The answer is affirmative, and the evidence is significant. More than a billion volunteers generate every year economic value that would place hypothetical Volunteerland among the top 10 countries by GDP. The Wikipedia editors, Linux operating system programmers, or volunteers maintaining hiking trails in Oregon, not unlike the workers of the "normal" economy, are also motivated by the signaling component of reward. Yet, volunteers — by definition — work for no economic value in return. The psychological roots of work effort motivation, as well as the very existence of the volunteer economy, should therefore make for a believable argument that it is not necessary for a well-functioning system to use a reward mechanism where the two components are inextricably linked.

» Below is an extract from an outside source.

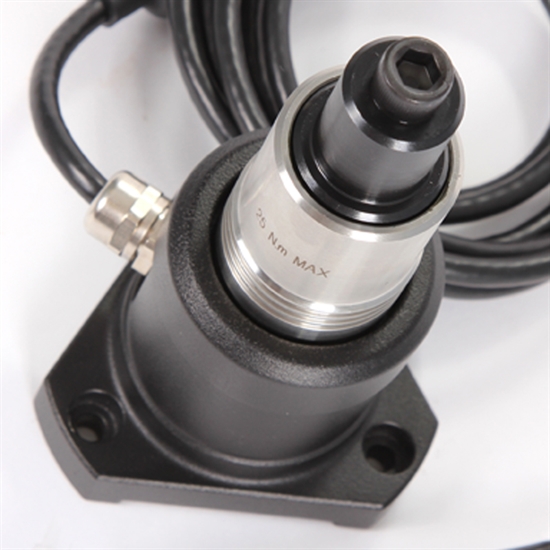 SMART' FMT 2 N·m, 1/4 SMART' FMT 2 N·m, 1/4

How could an economic system implementing these ideas look like? First, the signaling component of reward must be uncoupled from anything directly economically valuable. Examples of such constructs can be found in the internet domain: reputation scores, badges, or "likes" are all numeric representations of some non-tradable personal quality, presented in a psychologically effective form. In our hypothetical "merit" economy, the signaling reward is also a number, with its value equal to the magnitude of income a worker would earn in the capitalist system. With the behaviorally salient signaling component separated from the economic value, the latter can be set to be distributed virtually equally — the way most people would prefer — without compromising the incentives to work and innovate. Combined with other rules, an economic system emerges, identical to capitalism in the way the self-signaling component is determined, but one that (among other benefits) virtually eliminates the problem of economic inequality.

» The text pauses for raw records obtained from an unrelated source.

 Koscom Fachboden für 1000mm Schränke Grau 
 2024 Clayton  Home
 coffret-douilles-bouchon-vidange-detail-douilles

How does our Merit economy compare to other proposals attempting to solve the related problems of growing income inequality and the threat of massive job losses caused by technological advances? The main obstacle standing in the way of their advancement is a lack of concern for the behavioral aspects of income and wealth. For example, the usual argument against the most-often cited tool aimed at fixing economic inequality — taxation — is its negative effect on worker motivation to innovate, resulting in constrained economic growth. As argued above, however, taxation lowers the self-signaling component of income, explaining the unpopularity of this approach. Opposition to the institution of the Unconditional Basic Income can also be understood from the signaling-violation perspective. The main problem with the proposal is funding, which usually calls for some form of (merit-reducing) taxation, but a fair amount of resistance likely originates from a different manifestation of the same problem. Research shows that handing money to everybody might be perceived by people as a disruption of their place in social hierarchy. The effect can be seen in the dissatisfaction of some of the least-paid employees of Walmart after they learned that management decided to raise the minimum wage throughout the company. Suddenly, the employees who previously earned a bit more than the least-paid ones were earning the same amount, which they interpreted as a demotion.

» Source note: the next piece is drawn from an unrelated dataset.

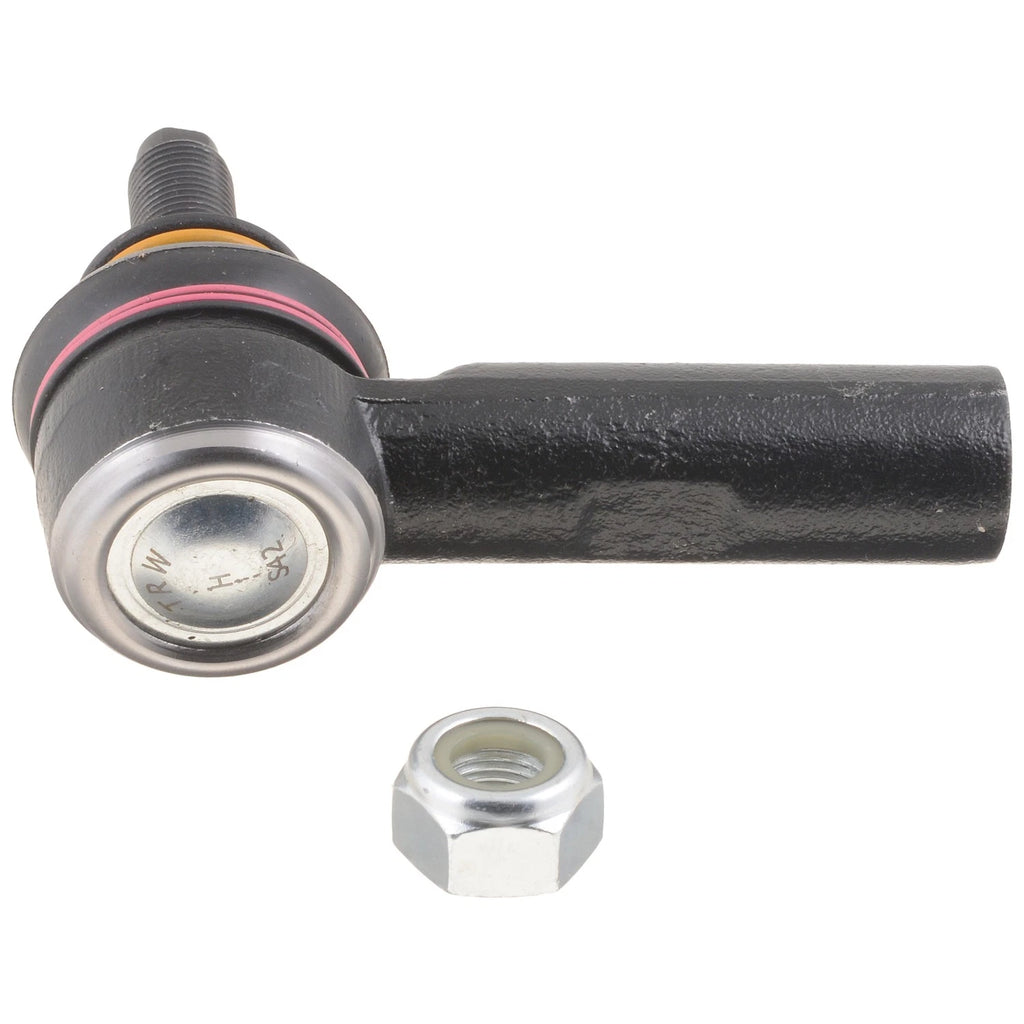 Tie Rod End for Suzuki SX4 (2007-2013)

It should be apparent that taking into account the dual function of income and wealth can improve the chances for adoption of any redistribution proposal attempting to address shortcomings of the capitalist economic model. However, a better option to waiting for the governments to deliver a fix for the existing system might be to build a new one. The new system can be built by a small group of dedicated individuals and started the same way money once appeared on the economic scene — by being adopted on the basis of its merit, by the people themselves.